Tu sais, dans ma classe, avec les enfants on apprend à écrire,
on fabrique des livres, on écrit un journal, on apprend à
réfléchir, on apprend à penser...Peut-être qu'un jour, ils
pourront t'écrire et te parler! Toi aussi tu pourrais nous
écrire, nous raconter ta vie, tes jeux et peut-être nous rendre
visite. Nous on ne pourra venir chez toi, car les grands de ton
pays vivent dans une grande, grande prison à ciel ouvert. Le
monde des grands est vraiment injuste, tu sais.
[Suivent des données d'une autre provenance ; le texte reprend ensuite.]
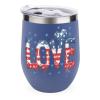 American Flag Love 12 Oz Coffee Mug Stainless Steel Wine Tumbler Travel Mug Tea Cup with Lid Blue-Color view 1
Dans le monde on parle de justice mais à la racine, on l'a
arrachée.
Quand tu grandiras...enfin si tu peux grandir, tu verras
l'hypocrisie du monde, l'hypocrisie de beaucoup de gens qui
parlent de principes partout mais ne voudront jamais les
appliquer pour ton pays. Pour eux, tu n'existes pas, la
souffrance et la mort de tes camarades n'existent pas, ton
humanité n'existe pas. Tu sais dans mon pays, nous donnons tout
aux enfants, on essaie de tout donner. Tu comprendras que dans
notre planète il existe des enfants qui ne sont pas comme les
autres, ils valent moins que les autres, ils ne représentent que
des statistiques macabres. L'enfance de ton pays est sacrifiée
sur l'autel des principes à géométrie variable.
Je t'écris de mon cœur...
...Ne t'inquiète pas, je
te le jure, beaucoup dans le monde, t'aiment. Tu es en nous, on
fera tout pour te rendre le sourire, c'est juré. Beaucoup ont
conscience de leur profonde humanité, de la fragilité et de la
grandeur de leur existence.
Je vais te proposer un jeu, si tu le veux. Je sais que dans ton
pays il y a de superbes oliviers. Tu sais, je vais planter un
petit arbre chez moi, je te demanderai de planter un olivier
dans le coin de terre que tu trouveras. Demande à tes copains de
t'aider et arrosez-le de temps en temps (je sais que l'eau te
manque, elle est plein de saletés). Chaque fois que je verrai
cet arbre, je penserai à toi. Pense à nous quand tu verras le
tien. Un jour ces arbres donneront leurs fruits. Et puis je sais
que la vie est fragile pour toi et tes copains, apprend leur ce
jeu.
Enfin, tu sais que tous les enfants du monde te connaissent, ils
sont comme toi. Ils sont la vie qui rayonnent en nous. Continue
à jouer, à sourire, à partager, à t'émerveiller, à t'exprimer, à
tâtonner...
Tu sais, ensemble, nous sommes le monde. Si tu n'es plus là nous
ne sommes plus rien. On a besoin de toi, pour retrouver notre
humanité et notre solidarité.
Mon rêve est qu'un jour les Frontières, Les Barrières, les
Œillères n'existent
plus!
Pour que l'on puisse te rendre visite et t'aider à prendre soin
de ton olivier. Tu pourrais venir chez nous, en France,
pour nous apprendre l'humanité et la joie de vivre.
Si tu n'es plus, nous ne sommes plus rien.
Cœur ouvert aux enfants de tout pays...je t'écris.
Othmane
Un professeur des écoles, un citoyen du monde.